Аж одежа цветастая плесенью поблекла.
Сам Федор смотреть не очень-то и хотел. Не любил он мертвяков. Так, скосил глаз с высоты своего немаленького роста, и тоже отвернулся. Чего зря пялиться? Гречанка там лежит. Та самая, что в прошлый раз их на дороге встречала. Одна загвоздка: как и узнал-то покойницу? – впору удивиться. Потому как вместо лица у гречанки сплошь клочья рваные. Вместо щек – клочья. Вместо губ – клочья. Вместо носа знатного, длинномерного – клочья. Вместо…
И глаз нету.
Совсем.
Затошнило парня. Подкатило к горлу гнилым комом; еле сдержался. На память морг мордвинский пришел. Там тоже… тоже… и князь-жандарм в цивильном, с улыбкой его неулыбчивой – тоже. Только у мордвинской покойницы, которую до поры в прикупе держали, масть бубновая на лбу обозначена была, а у гречанки нету масти.
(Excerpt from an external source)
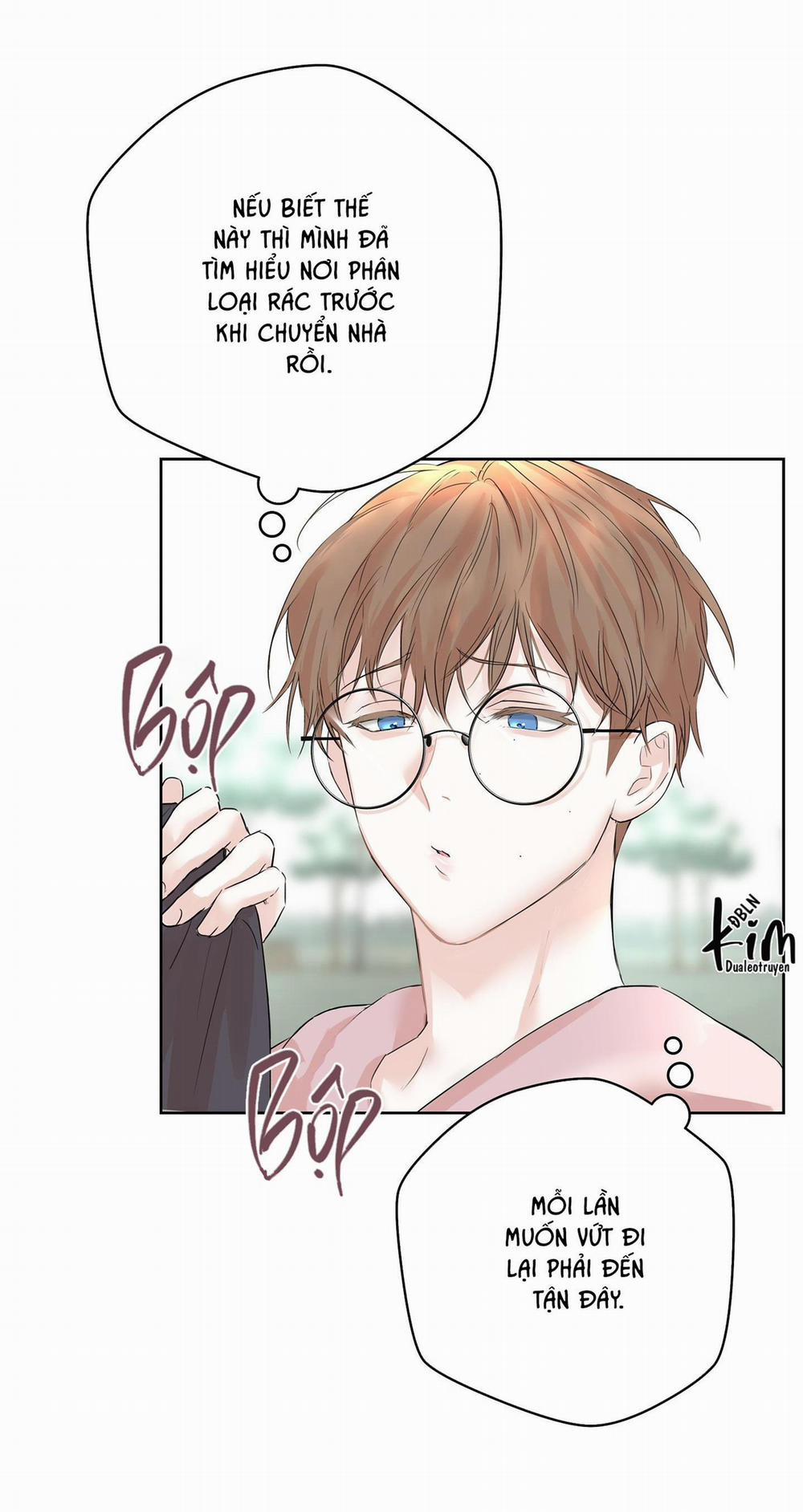 Camboy Bunny 3 trang 37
Уверенность вошла в Федора: должна быть масть! Должна! И Тузихины страсти-мордасти, что Рашка им тогда в телеге показывала – везде у мертвяков изувеченных масти были! А вот поди ж ты…
– Ссстт… хррд-д…
"Станьте рядом," – здесь и толмач-то сплоховал, припоздал сразу разъяснить.
Задержался парень на месте; затоптался.
И вдруг из кресла ясно, отчетливо, прежним голосом:
– Только козыри. А детей… детей не надо.
Поймал Федор короткий Рашкин взгляд. Ладно. Не надо детей, значит, не надо. Здесь постоим, в сторонке.
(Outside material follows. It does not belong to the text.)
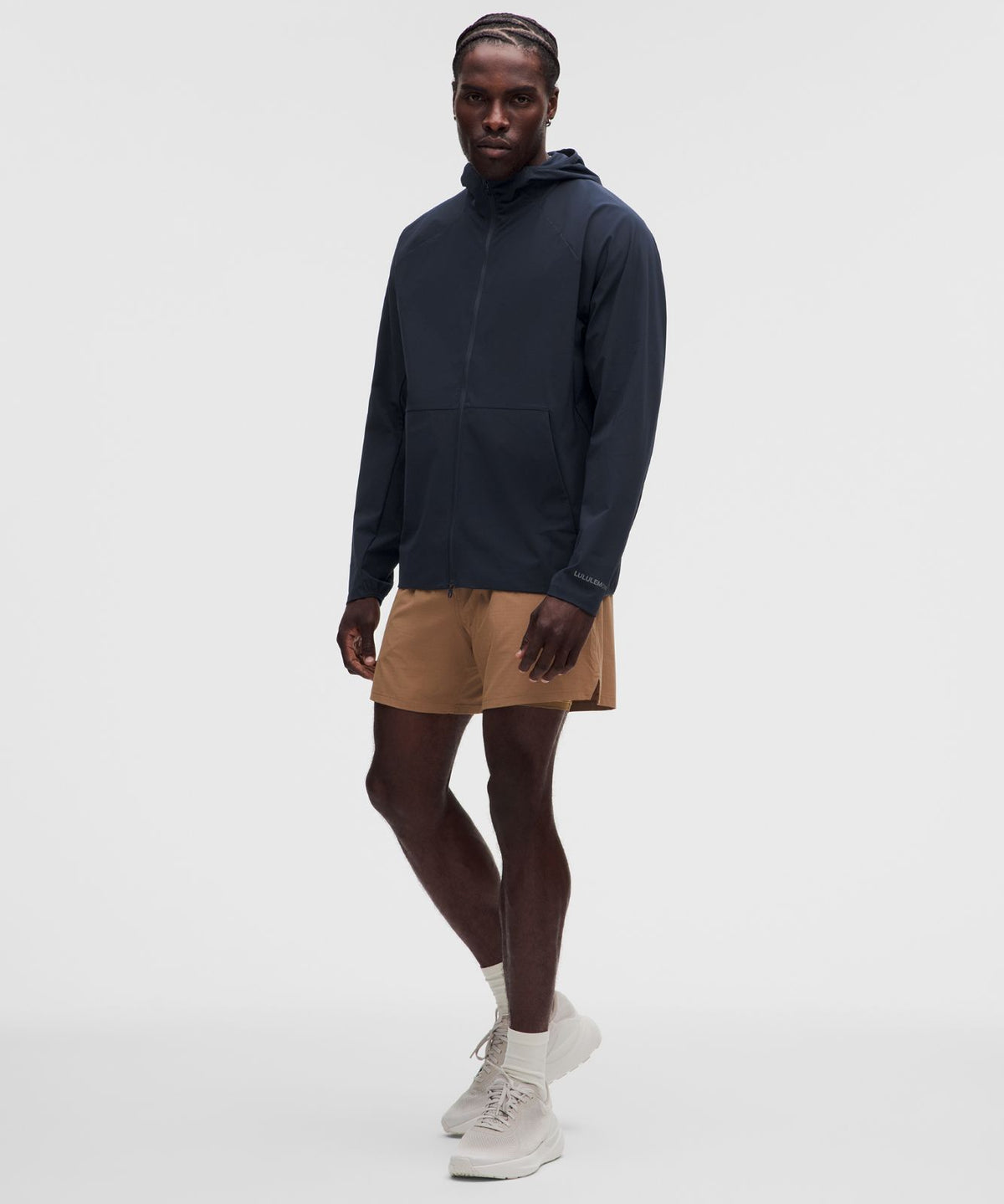 Lululemon Veste Pace Breaker True Navy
Нам не привыкать, не гордые.
Акульку крестный-Друц подвел за руку, как маленькую. Усадил возле парня, на топчан, где девка в прошлый раз отсыпалась (кажется, целую вечность назад!).
– Сиди тут, пока все не закончится, – приказал настрого. – И с вопросами не лезь. Поняла?
Вернулся к столу погребальному. Встал плечом к плечу с Княгиней; плечи ссутулил, нахохлился – не ром, птица больная. Хищная. Мигом с обеих сторон "клетчатые" надвинулись. Кресло Тузовое напротив примостили, шляпы сбили на затылок – и сюда. Лихие ребята, этим пальца в рот не клади, отхватят по локоть!
Застыли люди почетным караулом, ждут невесть чего.
А вокруг стола старичок вприпрыжку суетится; тот, из баркаса. Ознобишин по фамилии, Петр Валерьяныч, детский доктор. Так он парню по дороге представился. Ну, почему Валерьяныч, это Федору понятно: капли есть в аптеке, для успокоения нервов, ими трагик Полицеймако перед выходом коньяк запивает. А почему Ознобишин – тоже ясно. До сих пор трусит. Хорош доктор: сам в озноб введет, сам упокоит… успокоит.